Exercise details:
All of the data below should be printed again word for word, pictures excluded.
(Given information)
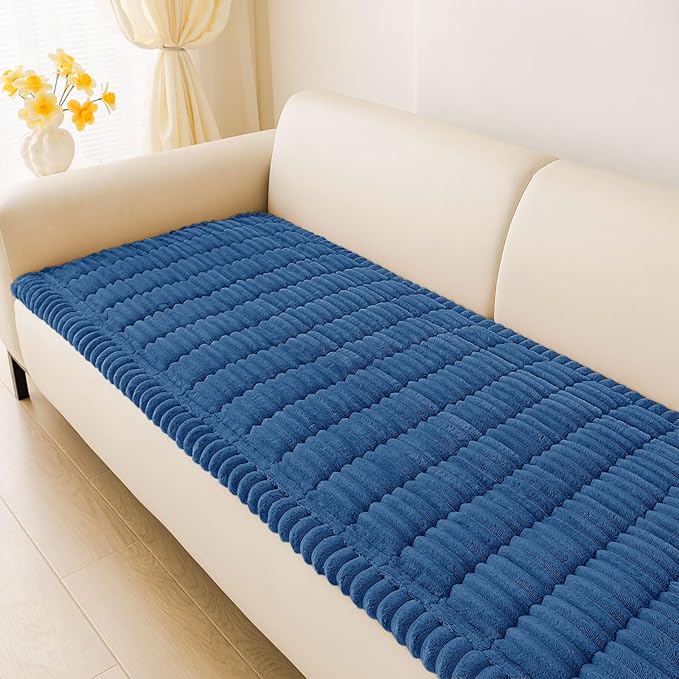 hyha Couch Covers for Dogs Washable, Non Slip Plush Dog Sofa Protectors, Fuzzy Pet Couch Covers for 3 Cushion Sofa Pet Friendly (Navy Blue, 27.6" x 70.9")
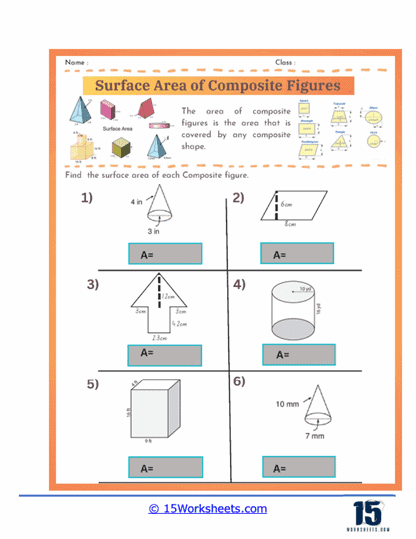 Surface Area of Composite Figures Worksheets - 15 Worksheets.com
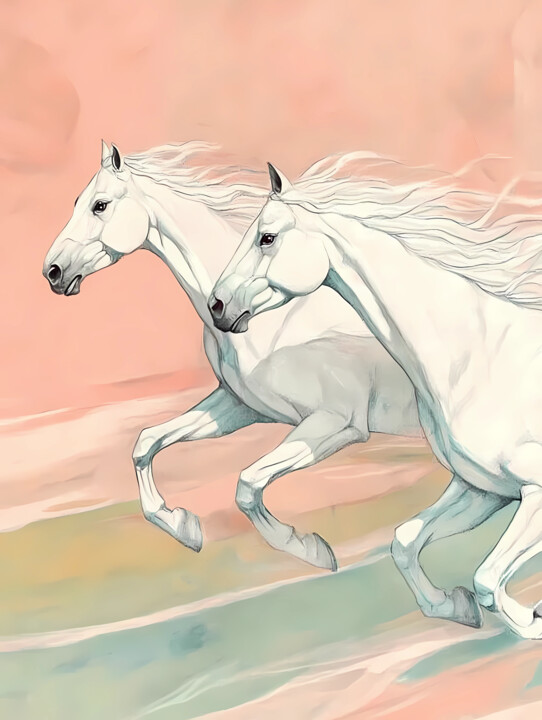 Two horses 数字艺术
(End Given information)
Task answer:
 hyha Couch Covers for Dogs Washable, Non Slip Plush Dog Sofa Protectors, Fuzzy Pet Couch Covers for 3 Cushion Sofa Pet Friendly (Navy Blue, 27.6" x 70.9")
 Surface Area of Composite Figures Worksheets - 15 Worksheets.com
 Two horses 数字艺术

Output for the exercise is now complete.